The 2" and 4" fixtures are installed throughout the DMF Carson training facility — and Artafex 1 is now in the mix there too. If you visit, you're looking at a working installation of all three apertures. The ceiling does not lie.

Why Pinhole Trims Used to Cost You 60% of Your Output — and Why They Don't Anymore

Standard optics push light in a cone — a V spreading from the aperture outward. When you add a pinhole trim, you are physically cutting off most of what the cone was already producing. With a traditional optic, a pinhole trim can mean 60% light loss. Out of 1,000 lumens of warm dim output, you are delivering 400 to the room. You specified a beautiful fixture and installed a disappointment.

Traditional Optic · The Problem

Light spreads wide as a cone from the aperture. Add a pinhole trim and you're cutting off the majority of that spread before it exits the fixture. Result: 60% loss. 1,000 lumens in. 400 usable lumens out. The trim looks right. The room feels wrong.

Crossbeam Optic · The Fix (Artafex 2 + 4)

Two beams cross in an X pattern. The crosspoint sits precisely at the ceiling plate — exactly where the pinhole opening is. Light is concentrated where the aperture is, not spread wide before it gets there. Result: 20–30% loss instead of 60%. 700–800 usable lumens through the same pinhole. That is not a marginal improvement. That is a completely different fixture.

Artafex 1 takes the problem further upstream. Because the aperture is just one inch, DMF engineered a patent-pending three-stage optical assembly using silicone and glass — materials chosen specifically for optical clarity and precision — that achieves exceptional glare reduction at an aperture scale where traditional optics simply cannot compete. The result is a pinhole-scale opening that delivers serious output without the visual discomfort of an under-engineered 1" fixture trying to throw light through a hole it wasn't built for.

For Artafex 2 and 4: the crossbeam optics are two-piece and field-swappable. The diffusing lens pops out. The crossbeam optic behind it twists out with an orange alignment tab. Changing a beam angle costs seven dollars and takes thirty seconds.

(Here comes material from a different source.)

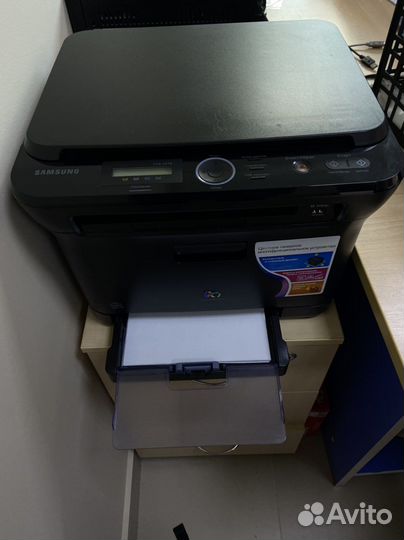 Цветной лазерный принтер/сканер Samsung CLX-3175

When a client changes their mind three weeks after rough-in — and they always change their mind — you are not ordering a new fixture. You are swapping an optic.

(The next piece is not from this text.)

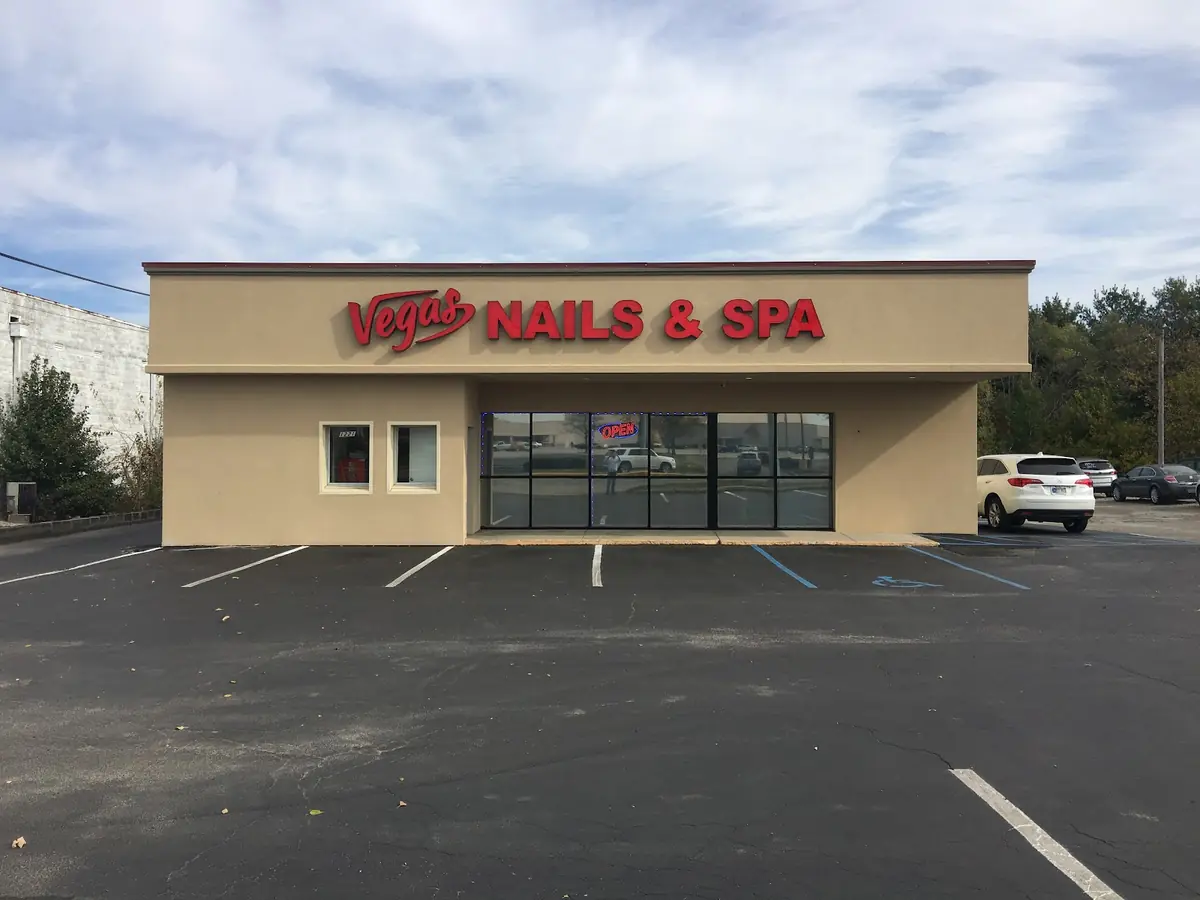 Vegas Nails & Spa photo (photo 1 of 3)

The demo move: hold a traditional optic next to a crossbeam optic and explain the geometry. When you show someone what's actually happening with their light output, the conversation about quality versus price immediately changes. Then pull out the material palette and show them what True Spectrum does to a red. That closes it.

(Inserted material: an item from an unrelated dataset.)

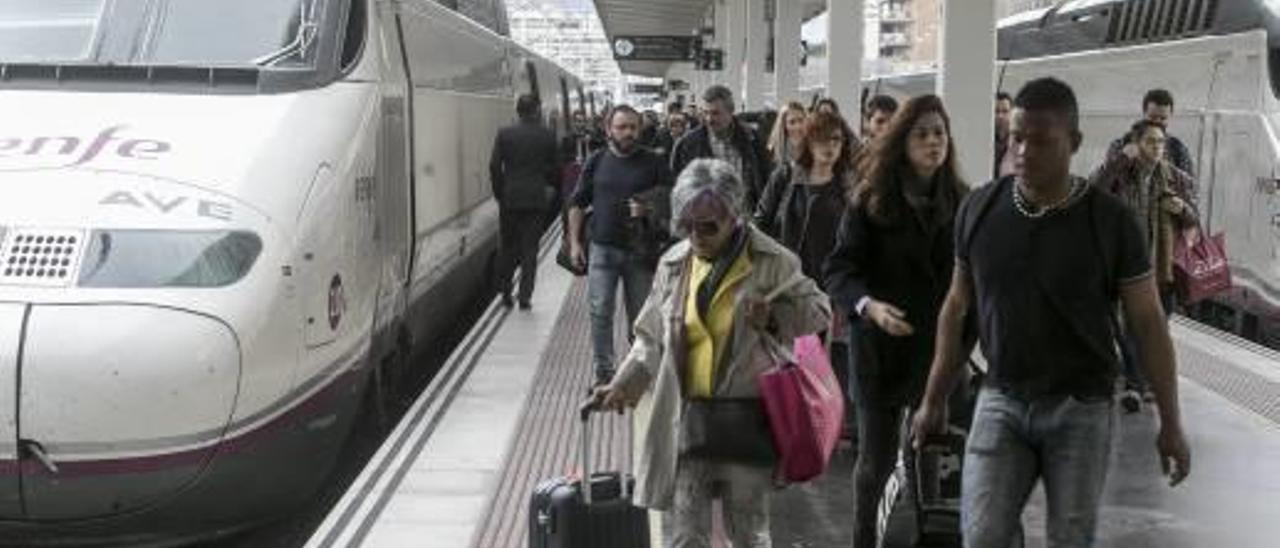 Viajeros llegando con el AVE a la estación de Alicante, que ahora conectará con bus Benidorm.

CRI Is Eight Color Points. All of Them Are Pastels. True Spectrum Tests 99.

Standard CRI uses eight reference color samples. They are all pastels. A fixture can score 90+ CRI while rendering a saturated red as gray, a warm gold as washed-out, a deep blue as flat. If a designer selected stone, wood, brick, fabric, and tile for a project — and your lighting is making their materials look like they were photographed through a filter — you are undermining every finish decision that was made. And nobody will tell you that is the problem. They will just not call you for the next job.

The entire Artafex family — 1", 2", 4", Linear, and Cylinders — runs the True Spectrum chipset, tested against 99 color points across the full spectrum via TM30. Artafex 1 uses the same chipset as Artafex 2 and 4. That matters: if you're running Artafex 1 for accent emphasis and Artafex 2 for ambient in the same room, the color rendering is identical. There is no "the accent fixtures look different" conversation. There is no conversation. It just looks right.

Standard CRI

8 Reference Points

All pastels. A fixture can score a 90 CRI and still render saturated colors incorrectly. The test was designed in the 1960s for a different industry problem.

True Spectrum · TM-30

99 Reference Points · All Three Apertures

Full spectrum coverage including saturated reds, deep blues, warm golds, natural greens. Artafex 1, 2, and 4 all share the same chipset. The designer's materials look the same under every aperture in the room.

The Designer Conversation

Their Work Looks Better

Interior designers spend a professional lifetime curating finishes. The idea that a $30 fixture could compromise that work — and that there's a fix — resonates immediately. Get the material palette. Use it on every walkthrough. It does more work in sixty seconds than any brochure.

What to Specify — and Why the 0.1% Number Matters More Than You Think

Standard DMF triac drivers give you consistent 1% dimming performance — and 1% on a well-engineered fixture is genuinely dark. The kind of dark that makes a master bedroom feel like a sanctuary, not a parking garage that someone put a bed in.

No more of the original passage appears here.